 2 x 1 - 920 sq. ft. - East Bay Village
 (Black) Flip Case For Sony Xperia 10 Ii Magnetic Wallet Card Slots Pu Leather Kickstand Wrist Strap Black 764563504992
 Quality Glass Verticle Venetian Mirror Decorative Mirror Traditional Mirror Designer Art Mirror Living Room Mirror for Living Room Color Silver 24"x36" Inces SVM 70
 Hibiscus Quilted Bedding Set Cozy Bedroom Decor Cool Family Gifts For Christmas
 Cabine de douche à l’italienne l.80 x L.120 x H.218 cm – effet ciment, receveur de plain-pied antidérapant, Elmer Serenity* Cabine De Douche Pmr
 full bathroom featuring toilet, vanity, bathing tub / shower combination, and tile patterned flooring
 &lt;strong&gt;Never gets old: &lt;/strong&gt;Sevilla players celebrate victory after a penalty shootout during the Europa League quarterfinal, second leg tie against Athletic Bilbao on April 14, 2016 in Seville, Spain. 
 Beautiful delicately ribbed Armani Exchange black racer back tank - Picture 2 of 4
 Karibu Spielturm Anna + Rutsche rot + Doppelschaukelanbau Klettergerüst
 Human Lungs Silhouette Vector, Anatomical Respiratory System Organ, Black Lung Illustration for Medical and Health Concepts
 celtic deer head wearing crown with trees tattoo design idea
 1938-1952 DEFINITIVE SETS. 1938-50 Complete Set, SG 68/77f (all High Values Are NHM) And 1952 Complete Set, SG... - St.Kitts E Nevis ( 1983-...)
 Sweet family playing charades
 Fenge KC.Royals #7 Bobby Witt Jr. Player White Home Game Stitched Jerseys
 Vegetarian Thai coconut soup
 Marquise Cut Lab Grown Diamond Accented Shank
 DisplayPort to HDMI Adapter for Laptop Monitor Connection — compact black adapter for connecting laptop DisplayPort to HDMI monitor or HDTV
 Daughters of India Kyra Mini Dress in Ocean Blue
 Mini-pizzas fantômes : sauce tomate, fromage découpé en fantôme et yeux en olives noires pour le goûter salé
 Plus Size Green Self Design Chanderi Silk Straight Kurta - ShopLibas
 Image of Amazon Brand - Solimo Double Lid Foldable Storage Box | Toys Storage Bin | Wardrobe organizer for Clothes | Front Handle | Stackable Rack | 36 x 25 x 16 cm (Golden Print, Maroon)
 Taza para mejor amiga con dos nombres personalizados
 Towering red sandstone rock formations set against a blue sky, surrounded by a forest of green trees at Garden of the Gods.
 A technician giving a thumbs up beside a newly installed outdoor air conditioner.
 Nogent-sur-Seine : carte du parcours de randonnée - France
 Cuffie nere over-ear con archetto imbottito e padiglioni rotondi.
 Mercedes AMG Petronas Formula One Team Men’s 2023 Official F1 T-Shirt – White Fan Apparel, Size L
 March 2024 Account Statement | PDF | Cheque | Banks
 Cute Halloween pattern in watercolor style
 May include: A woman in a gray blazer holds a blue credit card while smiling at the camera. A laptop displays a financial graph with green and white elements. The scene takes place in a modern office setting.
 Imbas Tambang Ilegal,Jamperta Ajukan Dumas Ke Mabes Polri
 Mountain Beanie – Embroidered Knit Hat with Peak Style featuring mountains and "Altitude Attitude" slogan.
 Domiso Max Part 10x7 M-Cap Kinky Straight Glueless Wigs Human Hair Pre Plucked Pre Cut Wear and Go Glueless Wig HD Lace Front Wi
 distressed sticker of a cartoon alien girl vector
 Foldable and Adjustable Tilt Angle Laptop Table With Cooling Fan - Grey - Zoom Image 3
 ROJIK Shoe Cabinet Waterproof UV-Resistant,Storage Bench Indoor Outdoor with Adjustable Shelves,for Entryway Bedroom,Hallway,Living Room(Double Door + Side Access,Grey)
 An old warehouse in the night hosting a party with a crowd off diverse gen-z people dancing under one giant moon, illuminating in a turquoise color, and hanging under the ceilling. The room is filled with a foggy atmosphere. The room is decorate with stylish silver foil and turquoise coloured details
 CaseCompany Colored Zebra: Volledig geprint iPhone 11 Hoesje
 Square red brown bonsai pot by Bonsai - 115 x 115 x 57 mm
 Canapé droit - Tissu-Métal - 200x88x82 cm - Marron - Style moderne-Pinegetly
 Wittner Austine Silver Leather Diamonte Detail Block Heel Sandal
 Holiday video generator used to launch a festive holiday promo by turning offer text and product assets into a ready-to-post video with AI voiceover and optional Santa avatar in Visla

====

> [WHAT THE EXERCISE ASKS]
The lines you need are those containing "Grey"; find them in the records and copy them.

> [RESPONSE AREA]
 Foldable and Adjustable Tilt Angle Laptop Table With Cooling Fan - Grey - Zoom Image 3
 ROJIK Shoe Cabinet Waterproof UV-Resistant,Storage Bench Indoor Outdoor with Adjustable Shelves,for Entryway Bedroom,Hallway,Living Room(Double Door + Side Access,Grey)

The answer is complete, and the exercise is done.